Vingegaard dürfte auf einen Start von Pogacar gehofft haben. Die erneute Niederlage bei der Tour nagt am Stolz des ehrgeizigen Dänen, vor allem der große Rückstand beim Einzelzeitfahren war ein heftiger Schlag. „Vingegaard zertrümmert!“, titelte die dänische Zeitung „Ekstrabladet“. Dass es am Ende trotzdem zum zweiten Platz auf dem Podium noch vor Lipowitz gereicht hat, tröstete Vingegaard nur wenig. Der Tour-Sieger von 2022 und 2023 wollte unbedingt seinen sportlichen Erzrivalen Pogacar schlagen – doch der erwies sich erneut als eine Klasse besser. Der Rückstand von 4:24 Minuten war fast noch schmerzhafter als der verpasste Sieg. Bei der Vuelta ist Pogacar aber nicht am Start, Vingegaard somit klarer Favorit. Und nichts anderes als das Maillot Rojo, das Rote Trikot für den besten Rundfahrer der diesjährigen Ausgabe, will Vingegaard spätestens auf der Schlussetappe nach Madrid tragen und verteidigen. Nach einer Woche Pause freue er sich „schon darauf, wenn die Vuelta beginnt“, sagte der 28-Jährige.
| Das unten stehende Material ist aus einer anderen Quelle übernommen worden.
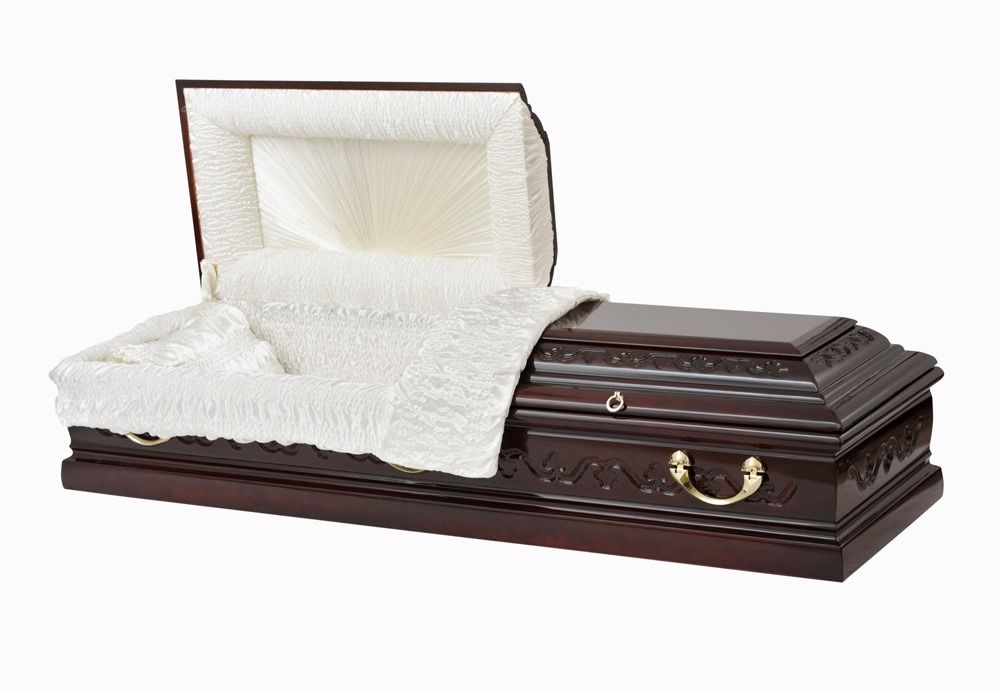 Open casket with white satin lining on a dark wooden coffin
Vingegaards Stolz hart getroffen
Für seinen insgesamt dritten Triumph bei einer Grand Tour passen alle Voraussetzungen – nicht nur, weil Pogacar und Lipowitz abwesend sind. Auch bietet Vingegaards Team Visma die wohl stärkste Mannschaft im Feld auf. Wie schon bei der Tour de France kann sich Vingegaard auf die Dienste seiner Edelhelfer Sepp Kuss und Matteo Jorgenson verlassen. Der Amerikaner Kuss hatte die Vuelta vor zwei Jahren selbst gewonnen, doch diesmal dürfte er nur für seinen Kapitän fahren. Aber zu viele Topfahrer in einem Team können auch ein Problem sein. Auch bei der Tour de France agierte Visma mit den vielen Stars, zu denen auch Klassiker-Spezialist Wout van Aert und Etappenjäger Simon Yates gehören, nicht immer taktisch klug. „Wenn ich mir Vismas Taktik ansehe, ist das, als würde ein Hund seinen eigenen Schwanz jagen“, sagte Ex-Profi Brian Holm: „Sie wirken oft planlos.“
Das wäre bei der 80. Ausgabe der Vuelta fatal, denn dort gilt das Mannschaftszeitfahren über 20 Kilometer auf der fünften Etappe als ein Schlüssel zum Erfolg. Zudem gibt es ein Einzelzeitfahren auf der 18. Etappe in Valladolid, bei dem es gleich zu Beginn mit einem knackigen Anstieg ordentlich zur Sache geht. Allerdings waren Vingegaards Leistungen im Kampf gegen die Uhr zuletzt wechselhaft. Zudem ist nicht klar, wie er die höchst anspruchsvollen drei Wochen bei der Tour de France verkraftet hat – körperlich wie mental. Ein Selbstläufer wird es keineswegs, ins Rote Trikot zu fahren und es bis zur Schlussetappe in Madrid erfolgreich zu verteidigen. Der enorme Erfolgsdruck spricht ebenfalls gegen den Dänen. Er müsste sich bei einer weiteren Niederlage noch stärker hinterfragen, die Verantwortlichen des sehr teuren Visma-Teams würden noch stärker in Erklärungsnot geraten. Bei einem Sieg könnte Vingegaard die Saison aber noch als kleinen Erfolg verbuchen – aber auch nur dann. Er startet zum dritten Mal beim traditionsreichen Rennen, bei dem er bislang die Plätze 46 (2019) und 2 (2023) belegt hatte.